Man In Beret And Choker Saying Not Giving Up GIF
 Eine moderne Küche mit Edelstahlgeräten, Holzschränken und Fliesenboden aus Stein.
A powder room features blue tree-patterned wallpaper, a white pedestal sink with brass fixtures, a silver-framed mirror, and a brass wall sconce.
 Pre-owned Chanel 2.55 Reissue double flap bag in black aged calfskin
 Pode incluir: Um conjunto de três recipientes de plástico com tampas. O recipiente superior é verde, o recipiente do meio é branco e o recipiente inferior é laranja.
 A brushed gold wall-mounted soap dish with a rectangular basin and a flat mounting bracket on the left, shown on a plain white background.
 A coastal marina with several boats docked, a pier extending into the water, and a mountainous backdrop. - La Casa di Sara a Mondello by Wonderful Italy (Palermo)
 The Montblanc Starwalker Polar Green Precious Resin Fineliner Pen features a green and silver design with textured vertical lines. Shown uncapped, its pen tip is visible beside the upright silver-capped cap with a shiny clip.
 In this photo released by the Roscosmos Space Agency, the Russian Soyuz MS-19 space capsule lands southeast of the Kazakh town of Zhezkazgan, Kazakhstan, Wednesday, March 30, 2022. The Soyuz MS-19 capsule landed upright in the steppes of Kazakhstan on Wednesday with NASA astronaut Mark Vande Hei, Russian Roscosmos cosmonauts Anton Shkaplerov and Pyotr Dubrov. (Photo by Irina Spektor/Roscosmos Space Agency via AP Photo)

|---|

# Problem to work on
Please retype the top of the data exactly, down to and including the line that holds "Pre-owned Chanel 2.55", and nothing further.

# Response to the exercise
Man In Beret And Choker Saying Not Giving Up GIF
 Eine moderne Küche mit Edelstahlgeräten, Holzschränken und Fliesenboden aus Stein.
A powder room features blue tree-patterned wallpaper, a white pedestal sink with brass fixtures, a silver-framed mirror, and a brass wall sconce.
 Pre-owned Chanel 2.55 Reissue double flap bag in black aged calfskin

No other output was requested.